- WHAT YOU WILL DO -
The reply should contain all the data below, repeated exactly, and none of the images.

- SUPPLIED MATERIAL -

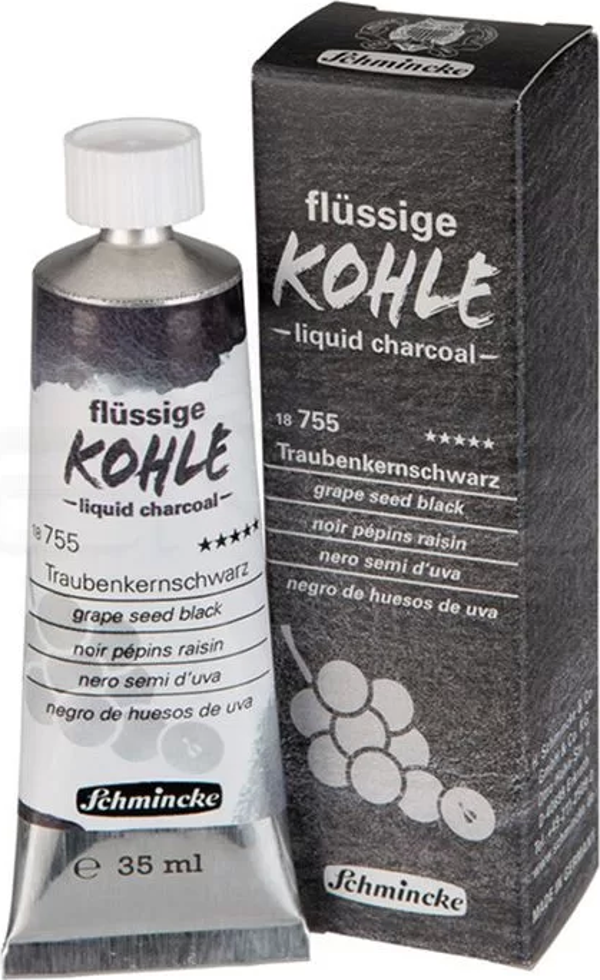 Schmincke Kohle Liquid Charcoal Sıvı Kömür 35ml Grape Seed Black - Image 1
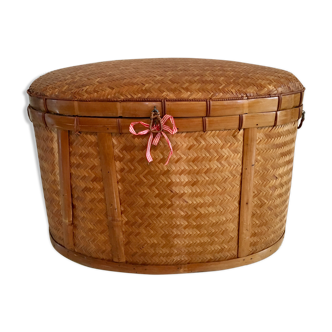 Wicker and bamboo chest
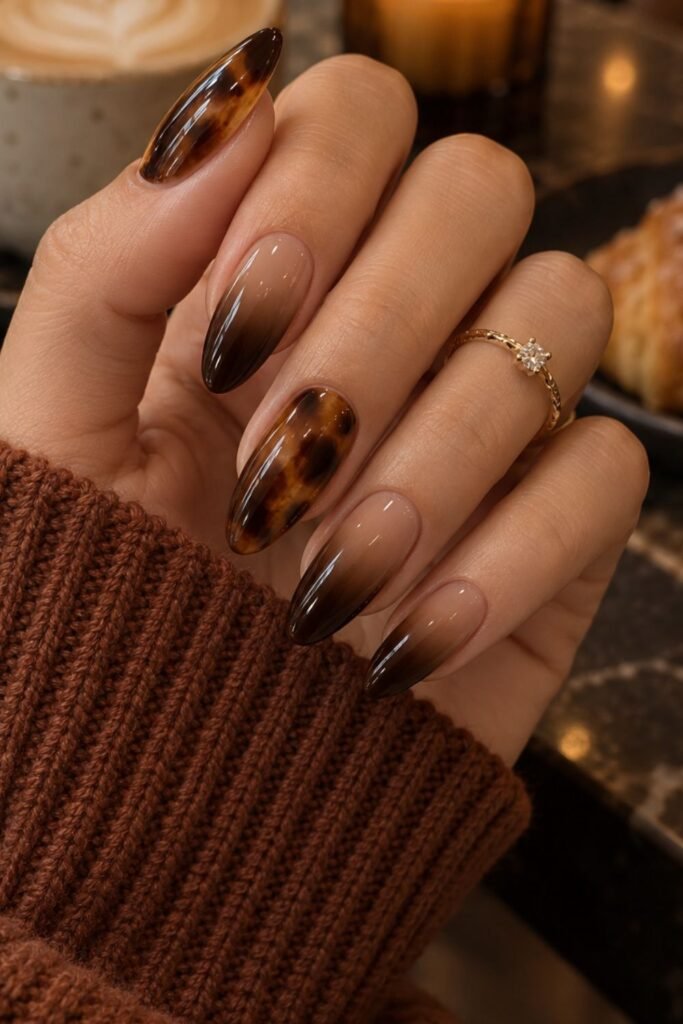 Tortoiseshell accent nails with espresso ombre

- TASK ANSWER -
 Schmincke Kohle Liquid Charcoal Sıvı Kömür 35ml Grape Seed Black - Image 1
 Wicker and bamboo chest
 Tortoiseshell accent nails with espresso ombre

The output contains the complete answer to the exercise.